Day By Day

Thursday, September 04, 2008


I don't usually pay much attention to the polls [disclosure: years ago I used to design and conduct social surveys in the Philadelphia area, and unless I can check the crosstabs I'm not very interested] but sometimes they can add some understanding to what we see played out on our TV screens.

So what's the situation now?

Two tracking polls have Obama ahead by a substantial amount.

Gallup, tracking after the Republican convention started, but before "The speech", has Obama ahead by a whopping seven points, 49% to 42%. This is essentially unchanged since the Democrats got their election bounce. On the 26th of last month Obama jumped out to a six-point advantage and has since then held a 6-8 point advantage in every subsequent poll. Tomorrow we will see the first small indications of how much difference Palin's speech has made.

Rasmussen has Obama ahead by a smaller, but still comfortable, five point margin, 50% to 45%. Here the breakout date was the the 29th of last month when Obama broke a tie and jumped out to a four-point margin. Since then he (and this is the important point) his numbers have hovered around 50%. If he holds that level of popularity he will not lose.

Now you can see why McCain felt that he had to shake up the race. He and Obama seem to have settled into a rut that would lead to a Democratic victory in November.

Has picking Sarah made any difference? It's too soon to tell.

A Democracy Corps poll, released today, showed Obama beating McCain by six points, 49% to 43%. [This is a Democrat campaign poll and therefore suspect. It was probably released to counter the effect of the CBS News poll discussed below.]

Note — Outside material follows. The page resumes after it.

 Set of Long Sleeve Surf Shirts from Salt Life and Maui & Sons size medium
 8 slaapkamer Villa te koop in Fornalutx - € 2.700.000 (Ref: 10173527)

There is also a CBS News poll released today that has the race in a dead heat; both candidates at 42%. Like the Democracy Corps poll it was taken after Sarah Palin's choice was announced, but before her speech.

These two national polls pretty much illustrate the current situation -- either the choice of Palin has not changed the race or it has strongly benefited the McCain campaign. We don't know yet which and won't for two to three more days.

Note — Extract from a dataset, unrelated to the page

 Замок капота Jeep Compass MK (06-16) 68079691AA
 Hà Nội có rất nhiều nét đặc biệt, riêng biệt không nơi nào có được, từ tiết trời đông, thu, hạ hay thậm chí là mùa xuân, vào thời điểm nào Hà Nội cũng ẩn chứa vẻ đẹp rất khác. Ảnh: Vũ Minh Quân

Preliminary results, however, suggest that Palin's choice has firmed up support among Republican women, has had little effect on male voters, and has caused independent and moderate women to move toward Obama. These results, however are very preliminary, are tainted to some extent by advocacy group participation, and have yet to be analyzed in detail [What effect, for instance did Gustav and Labor Day have on the polls?].

For a detailed numerical description of the polls and commentary on them go to

Keep your eyes on the polls for the next few days -- they'll give you some idea of how things are shaping up. The danger of the Palin pick is that she will be more of a cult figure than a plausible national candidate. Women I have talked to here in Baltimore are divided. Some like her, but most tell me that they are worried about her open religiosity. Three times today I heard the word "theocon" muttered. If that image takes root, Sarah will command an adoring following comprising about 1/4 to 1/3 of the electorate, but that is all.

Things are starting to get interesting.

Stay tuned.


Today's Rasmussen poll, one third of whose respondents were contacted after "the speech" shows a remarkable shift in opinion. Obama now leads McCain by only one percentage point, 46% to 45% [two if leaners are included] . If there is a real shift, McCain's percentages should improve over the next two days as pre-speech respondents drop out of the poll and post-speech ones are added.

The Gallup tracking poll is also out. It, too sees the race narrowing with Obama's lead slipping from seven to four percentage points. This too should continue to narrow over the next two days.

Looks like this race is once again tied.